Collection entries:
= = =

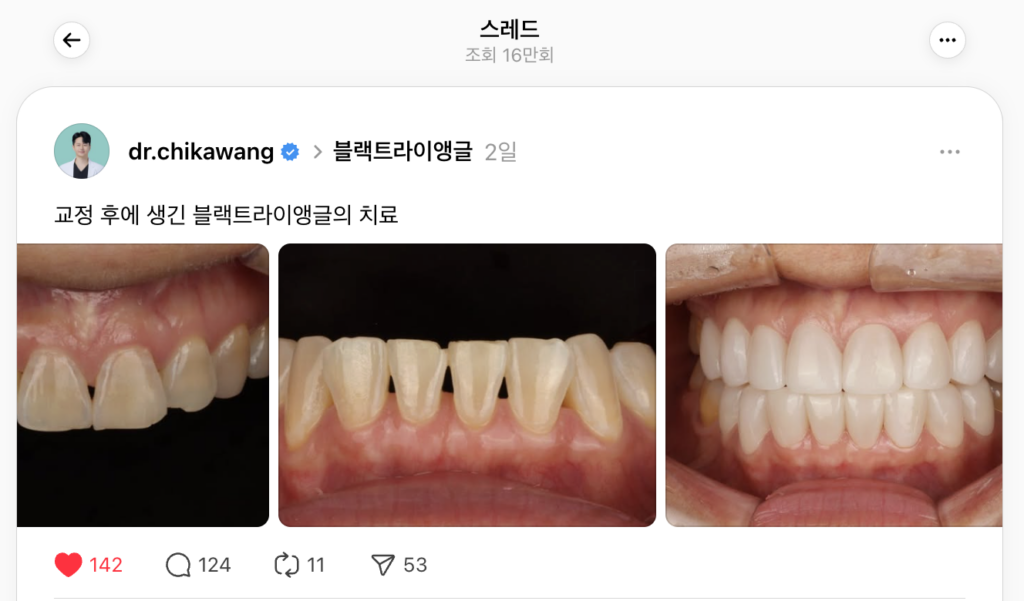 교정 후 블랙트라이앵글 치료사례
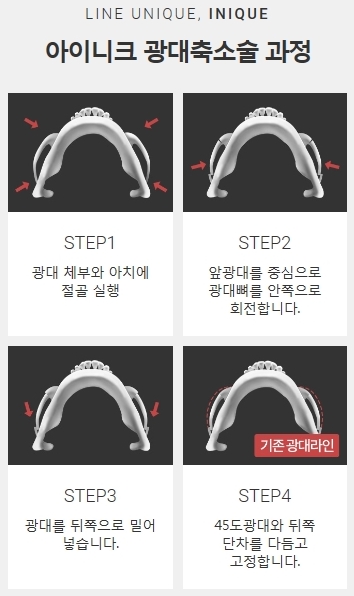 광대축소술가격 합리적인 곳 관련 이미지 3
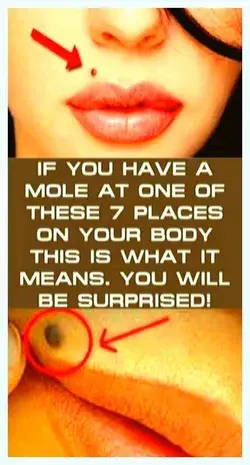 IF YOU HAVE A MOLE AT ONE OF THESE 7 PLACES ON YOUR BODY THIS IS WHAT IT MEANS-YOU WILL BE SURPRISED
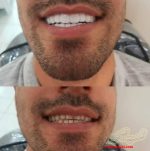 لمینت دندان اسنپ ان اسمایل - Image 7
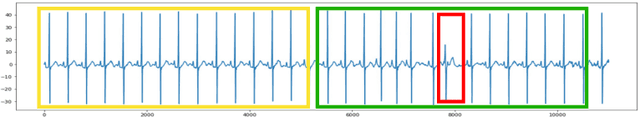 Figure 3 for Diagnosing Cardiac Abnormalities from 12-Lead Electrocardiograms Using Enhanced Deep Convolutional Neural Networks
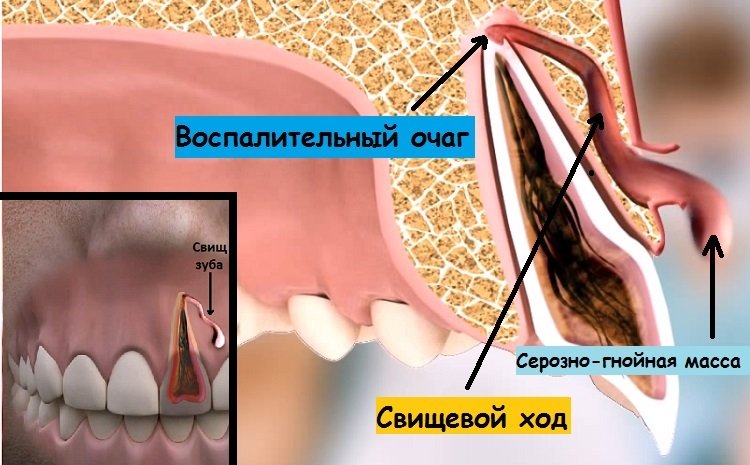 Свищ зуба на десне – вид спереди и сбоку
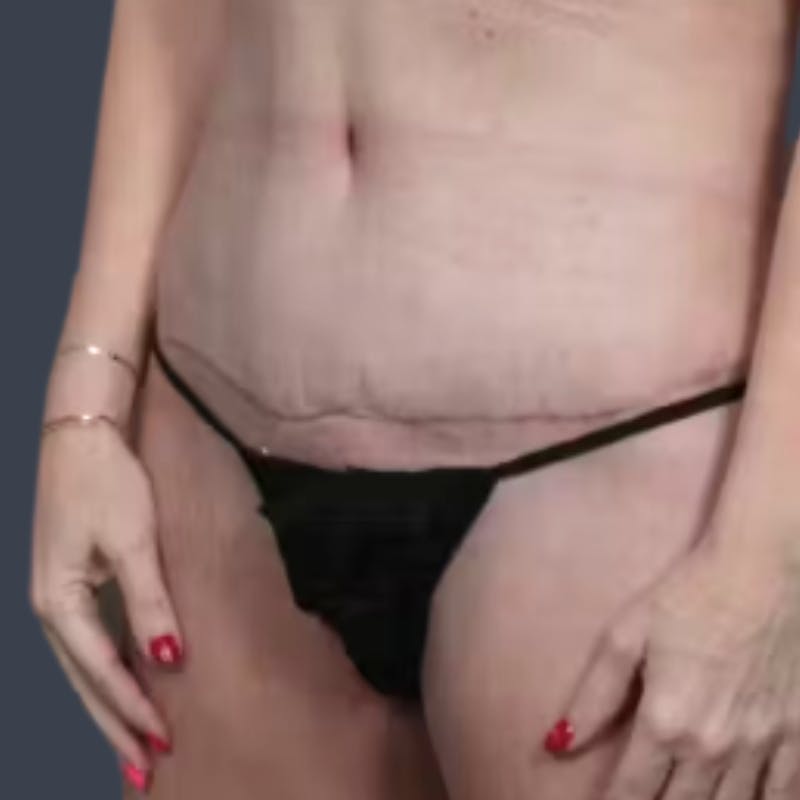Abdominoplasty / Tummy Tuck Before & After Gallery - Patient 374785 - Image 4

= = =

- _Work instructions_
Make an exact copy of the records above. Keep out every picture.

- _The completed task_
 교정 후 블랙트라이앵글 치료사례
 광대축소술가격 합리적인 곳 관련 이미지 3
 IF YOU HAVE A MOLE AT ONE OF THESE 7 PLACES ON YOUR BODY THIS IS WHAT IT MEANS-YOU WILL BE SURPRISED
 لمینت دندان اسنپ ان اسمایل - Image 7
 Figure 3 for Diagnosing Cardiac Abnormalities from 12-Lead Electrocardiograms Using Enhanced Deep Convolutional Neural Networks
 Свищ зуба на десне – вид спереди и сбоку
Abdominoplasty / Tummy Tuck Before & After Gallery - Patient 374785 - Image 4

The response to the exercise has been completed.